### WHAT THIS TASK INVOLVES
Extract only the lines running from the top of the entries to the line that holds "SanDisk Extreme PRO CF expres 512 GB, Type B". Include that line and omit the pictures.

== DATA RECORDS ==

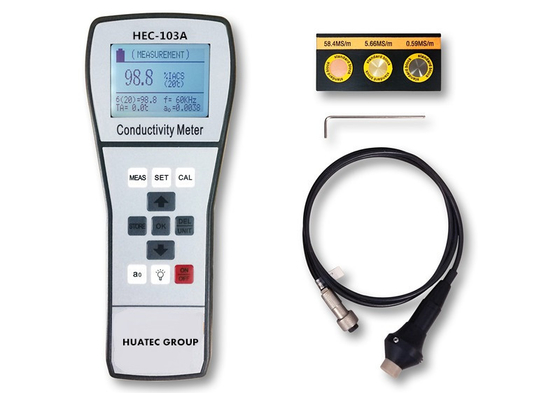 De Niet destructieve Meter hec-103a/103a1 van het het Testende Materiaal Digitale Geleidingsvermogen van de sinusgolf 60khz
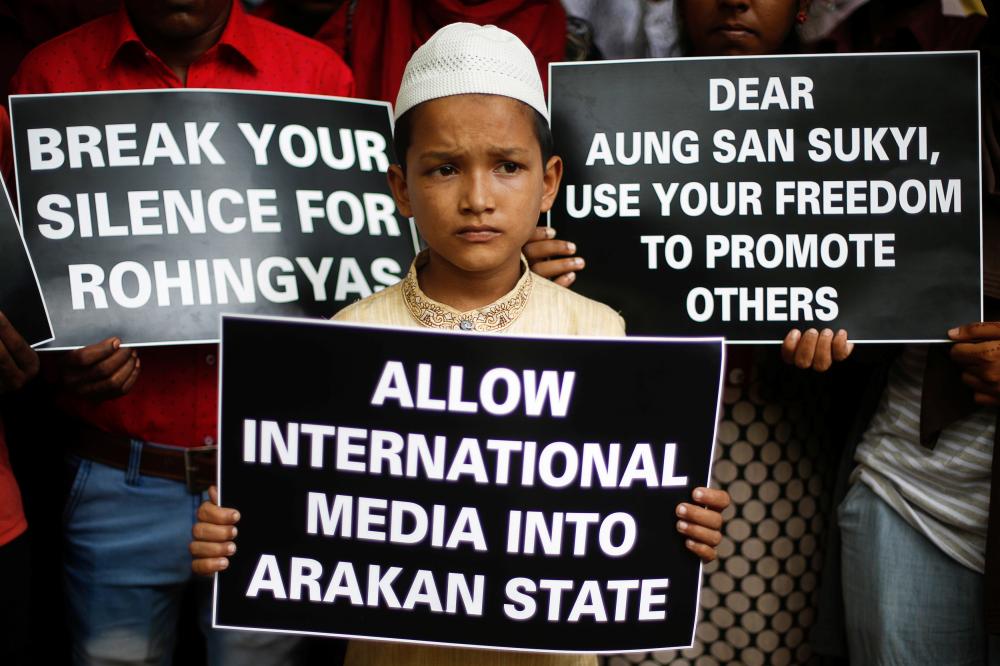 Nobel peace laureate Suu Kyi and ethnic cleansing
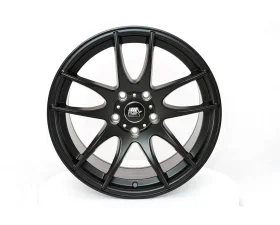 MST MT30 Series Wheel 17x9.0 5x114.3 30mm Matte Black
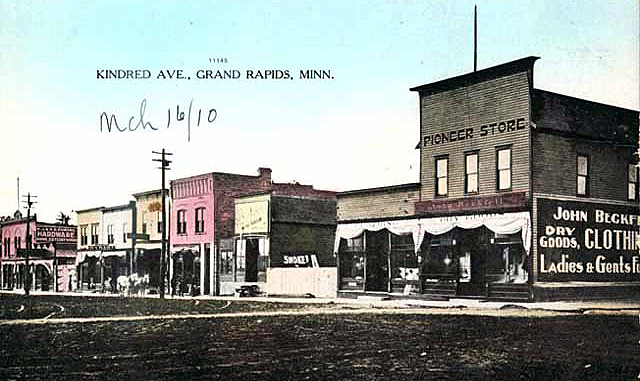 Kindred Avenue, Grand Rapids, 1910.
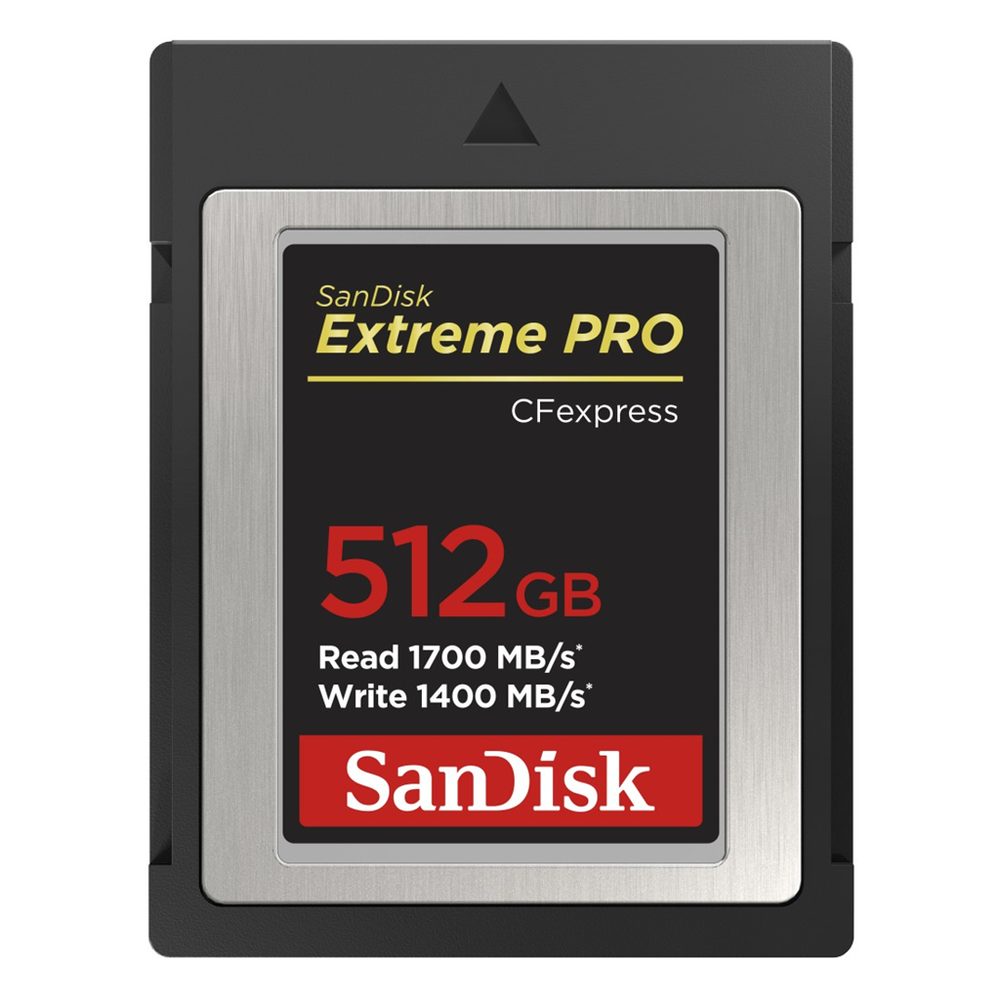 SanDisk Extreme PRO CF expres 512 GB, Type B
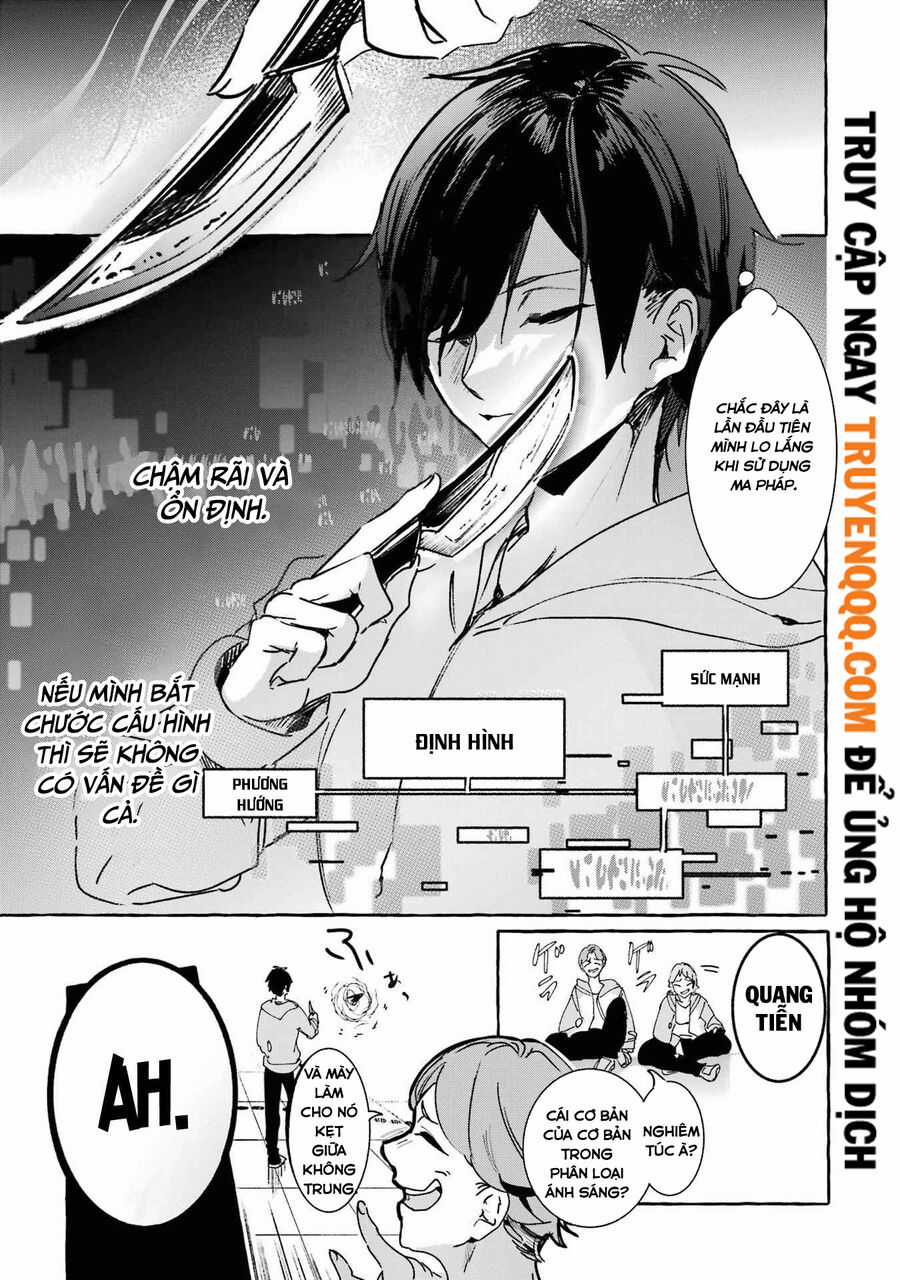 Saikyou Mahoushi No Inton Keikaku Chapter 16.5 trang 15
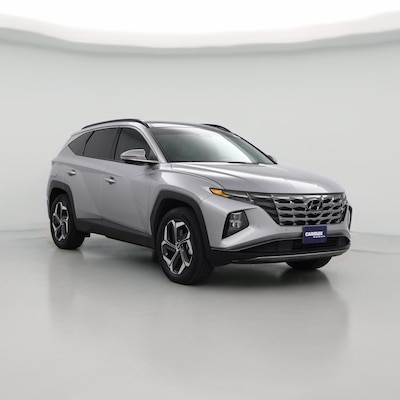 Gray 2024 Hyundai Tucson PHEV Limited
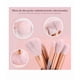 thumbnail image 2 of Set de Maquillaje 18 Brochas Profesionales Color Rosa, 2 of 4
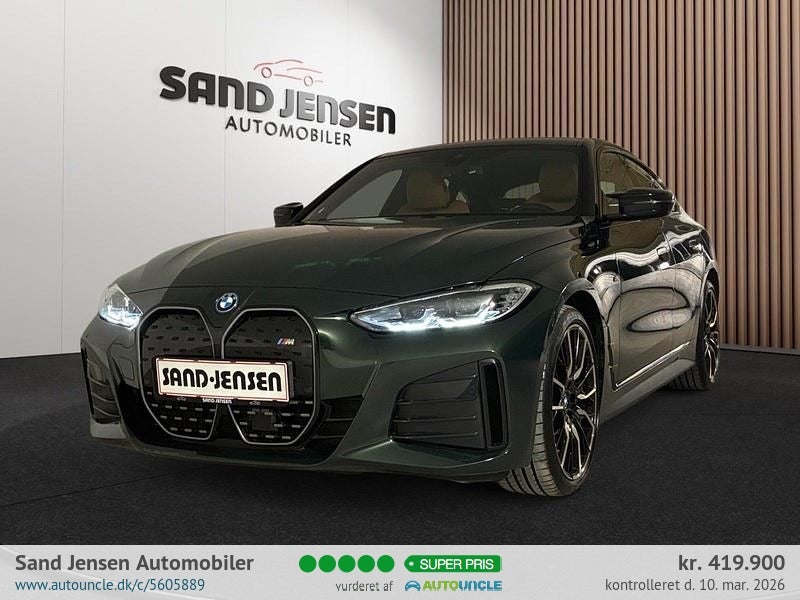 BMW i4 M50 M-Sport xDrive 5d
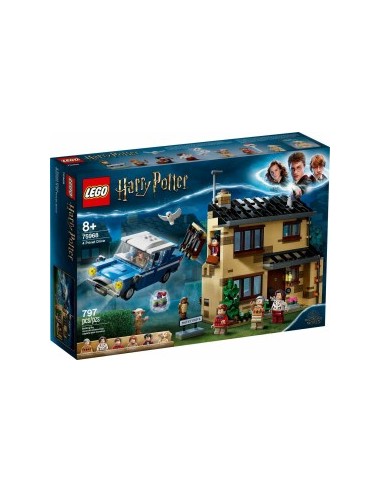 75968 Harry Potter 4 Privet Drive, construction toys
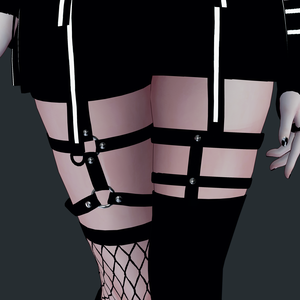 〔3Dモデル〕GarterBelt for Kikyo〔-Silence-〕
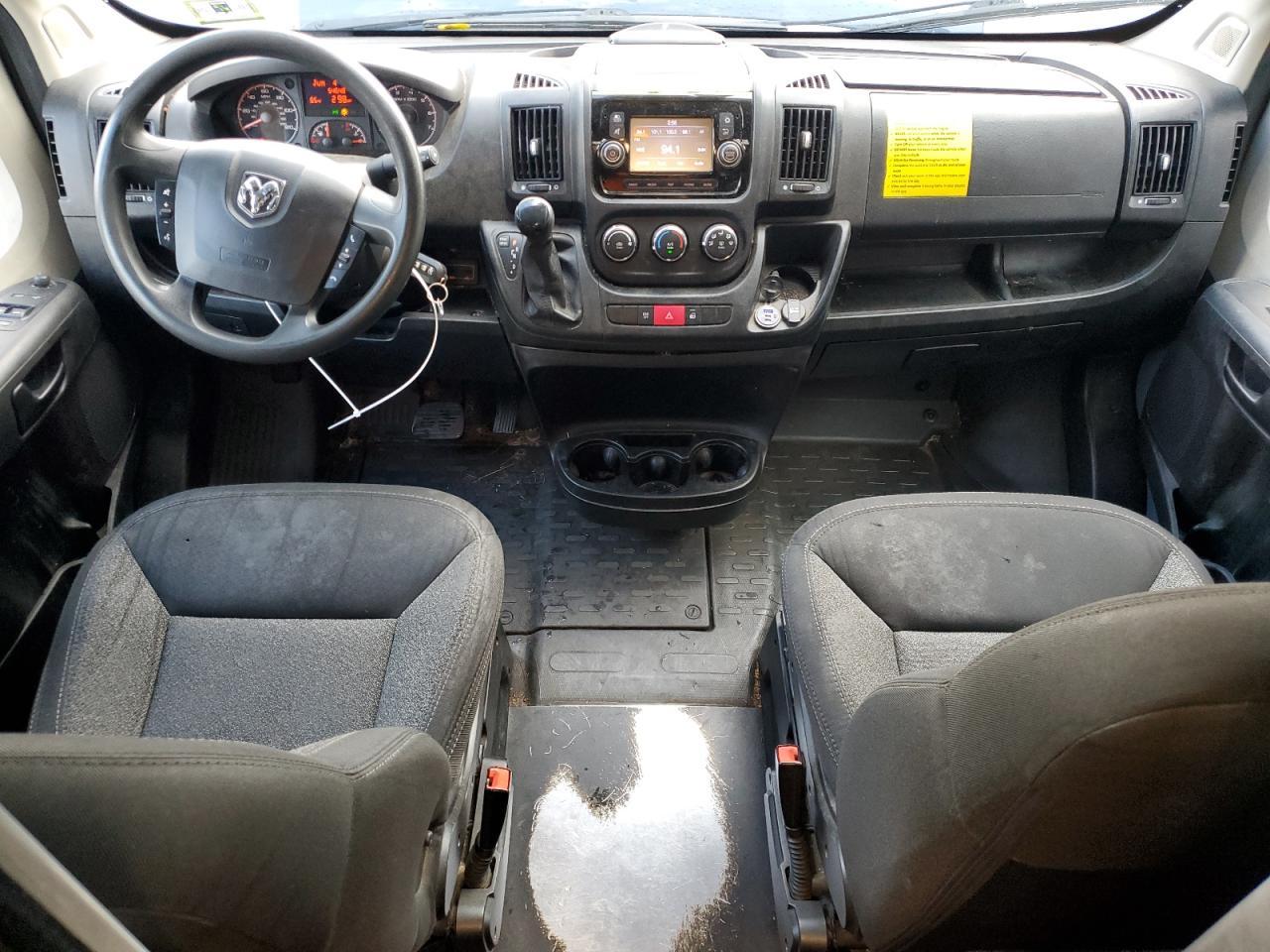 2020 Ram Promaster 3500 Delivery Van VIN: 3C6URVJG7LE140601 Lot: 90248405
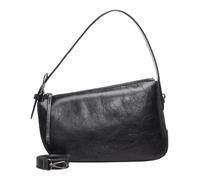 LIEBESKIND BERLIN Cuero bolso de hombro bolso bandolera Ines Hobo Black negro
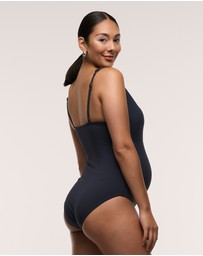 Soon Maternity - Cross Front One Piece Swimsuit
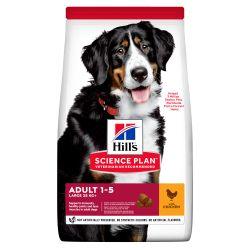 HILL'S SCIENCE PLAN Adult Large Breed Dry Dog Food Chicken Flavour 14kg - Ormskirk Pets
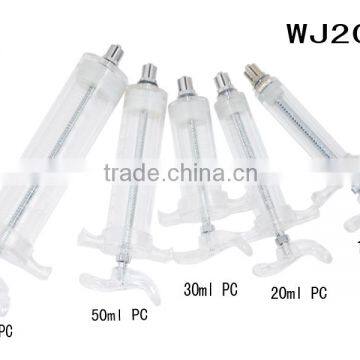 WJ204 PC adjustable Veterinary Syringe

===

### WORKED SOLUTION
 De Niet destructieve Meter hec-103a/103a1 van het het Testende Materiaal Digitale Geleidingsvermogen van de sinusgolf 60khz
 Nobel peace laureate Suu Kyi and ethnic cleansing
 MST MT30 Series Wheel 17x9.0 5x114.3 30mm Matte Black
 Kindred Avenue, Grand Rapids, 1910.
 SanDisk Extreme PRO CF expres 512 GB, Type B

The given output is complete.